Children who are taught to celebrate other cultures will grow into respectful, valuable members of our diverse society. Our differences make us unique and have helped form the vibrant tapestry of our modern-day culture. Ignorance is bred from misinformation, lack of exposure and the fear of the unknown, therefore knowledge and empathy are vital in order to combat this. Understanding that everyone is equally deserving of respect regardless of their background, religion or heritage is a crucial lesson to learn from an early age. An independent school in Surrey has shared their top tips on how to teach your child to respect other cultures.
Select a wide range of books which feature characters from various cultural backgrounds. Representation is so important in teaching children respect and helps to break down stereotypes. Reading a book from the perspective of someone from a different background encourages empathy and teaches children that everyone experiences the same thoughts and feelings regardless of their differences. Reading can help to teach children about the customs of other people and introduces the idea that the cultural norm they have grown up with isn’t the ‘right’ way or the standard, it is just one of many ways to live.

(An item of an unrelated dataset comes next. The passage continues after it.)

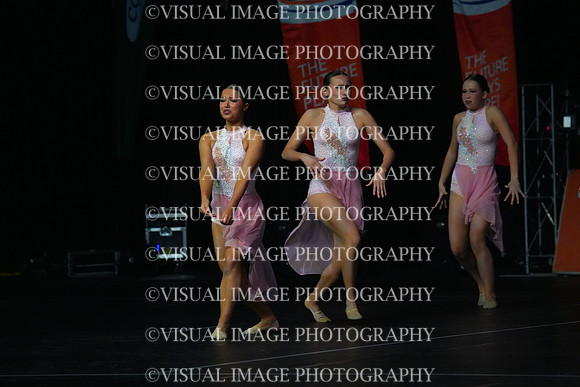 ILDANCE_26_F3150038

Attend Cultural Celebrations
Many towns and cities host cultural events and festivals throughout the year to celebrate a particular culture. Taking your child to such events will not only introduce them to the food, music and traditional dress of the culture, but will also allow them to experience the beauty of diversity in the flesh rather than through a tv screen or in the pages of a book. Seeing the people behind the culture they are learning about will help children to recognise that diversity is an intrinsic, living, breathing part of our society and that the differences between people should be celebrated.
Find a Pen Friend
Connecting with an individual and forming a bond will help children to recognise that they actually have more in common with people from other cultures than they may have thought. A pen friend will help your child develop empathy and understanding for someone with a different background to them and they will have the opportunity to learn all about their new friends’ culture and customs. You could connect with friends or relatives who live abroad to see if they might know a child of a similar age, or sign up to an online pen pal exchange site. Some charities such as Save The Children have child sponsorship programs and help arrange written communication between you and the child you sponsor. This could be a great opportunity to teach your child about the importance of supporting people in need and gives them the chance to develop a friendship with a child in another part of the world.